Added salt helps to prevent bacterial growth, also no-one leaves sausages rare in the middle, and although some leave hamburgers pink the salt content and mild heat should generally be enough as long as the meat is not too old.

the salt is not a significant factor, sausages and burgers are seasoned, not cured.

clearly you can do formed meat products safely. as long as they are prepared in safe environments and made to certain standards.

this is a conspiracy theory. there's no evidence of people being made sick or eating deceptively labelled food fabricated with meat glue.

>there's no evidence of people being made sick or eating deceptively labelled food fabricated with meat glue

Improper labelling and selling as premium meat.
youtube.com/watch?v=ydzIlKJmwV4

Getting sick, much harder to prove with something so small scale.

i've seen that video before and it's clearly sensationalist nonsense, not evidence.

>gloves and mask to handle enzymes
>expects to be taken seriously

Its not evidence, but it would be naive to think that no-one is selling meat glued products as the real deal.

Especially since these bits of news are all over the internet.

>Being this much of an idiot

I suppose you'd wear gloves when working with microorganisms too?

its only purpose is to denature flesh proteins you mong of course you don't want to be caked in it inside and out

>Its not evidence, but it would be naive to think that no-one is selling meat glued products as the real deal.

maybe that *no-one* is, but until i see actual evidence that *anyone* is i think it's naive to believe it's a serious problem just because some clickbait sites and daytime news programming in uncivilised shithole countries say it is.

>better put on my gloves and masks to protect myself from flesh dissolving enzymes

you are an idiot.

Nice reasoning m8

Would you make a rare hamburger with ground beef from a supermarket?
I wouldn't, and it's for that exact reason.
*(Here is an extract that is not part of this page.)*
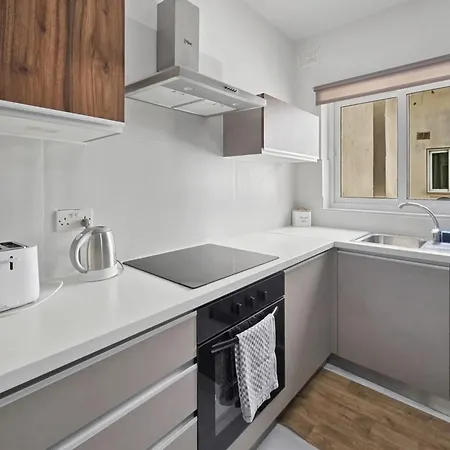 Centrally Located Two Bedroom With Free Wifi & Ac Appartement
Even if you set the safety aspect aside, don't you at all resent being fed, literally, a lie?
And fucking PAYING for it?

pineapple is not an enzyme, it contains an enzyme. cherry seeds are not cyanide, they contain cyanide. when working with the powdered form of the enzyme, especially for extended periods you may want to protect your mouth and skin. when working with cyanide you sure as shit want to do that also. but feel free to eat pineapple and cherries.

yes i would

people are wayyyyyy too scared of food poisoning

>Even if you set the safety aspect aside, don't you at all resent being fed, literally, a lie?

when i see evidence of that happening, maybe i'll get annoyed. as it stands i don't have a tremendous amount of sympathy for the people buying hot dogs and turkey dinosaurs.

>Would you make a rare hamburger with ground beef from a supermarket?
Yes. I do it all the time. But then, I don't have the stomach of a little bitch, so maybe that's the difference.

>25yo
>teeth always hurt when eating steak, always lodged in between
What's wrong with me? I don't have much problem with tender cuts though.

floss more

Gingivitis. Reversed by flossing

Well I know that stuff is illegal in the EU, so I can safely eat my meat medium rare

outside of the EU though, it's the third world

except in japan, japan's probably fine

Something similar happens to me, my teeth hurt after chewing meat for a long while (like on a BBQ) not because it lodges in between my teeth, but because I used braces for about 10 years and my teeth are weak as fuck. I still remember the first time I bit into an apple, fucking torture.